Przygotujcie się na więcej reklam tworzonych przez AI na TikToku
Nikt nie lubi oglądać reklam, ale to jeden z głównych sposobów, w jaki platformy społecznościowe zarabiają na swoich usługach. Aby ułatwić tworzenie nowych treści reklamowych, TikTok udostępnił narzędzie Symphony Creative Studio, które pozwala reklamodawcom generować filmy wideo za pomocą sztucznej inteligencji. Jak jednak wpłynie to na zwykłego użytkownika?

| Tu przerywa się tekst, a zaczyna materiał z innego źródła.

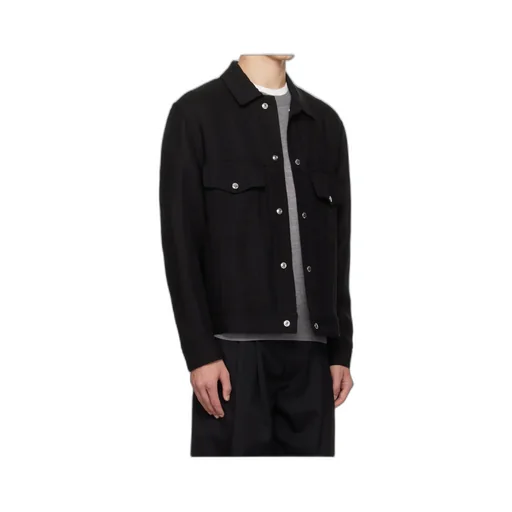 Lapel Casual Jacket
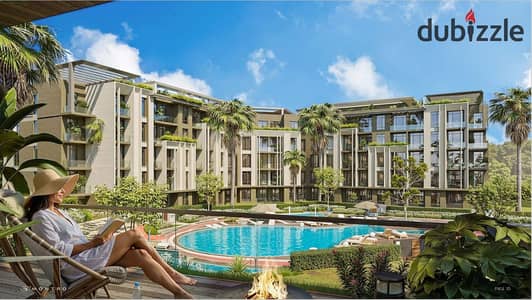 Own a Swiss Inn-managed hotel apartment with USD returns in a prime location next to Sphinx Airport. 10% down payment & 10-year installments.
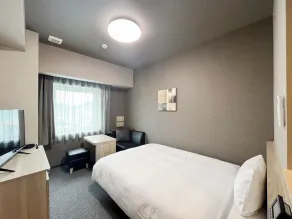 Hotel Route Inn Rifu - Chambre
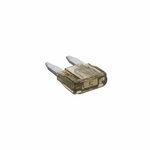 Fusibles mini 5A marron clair 6 pcs en blister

Zalew reklam generowanych przez AI
Sztuczna inteligencja znacznie ułatwi reklamodawcom produkcję treści wideo, dlatego możemy spodziewać się prawdziwego zalewu reklam generowanych przez AI na TikToku w nadchodzących miesiącach. Platforma twierdzi, że jej narzędzie AI pozwala reklamodawcom tworzyć filmy w zaledwie kilka minut, z minimalnym wkładem własnym. Wcześniej takie produkcje wymagały godzin planowania, nagrywania i montażu oraz specjalistycznych umiejętności.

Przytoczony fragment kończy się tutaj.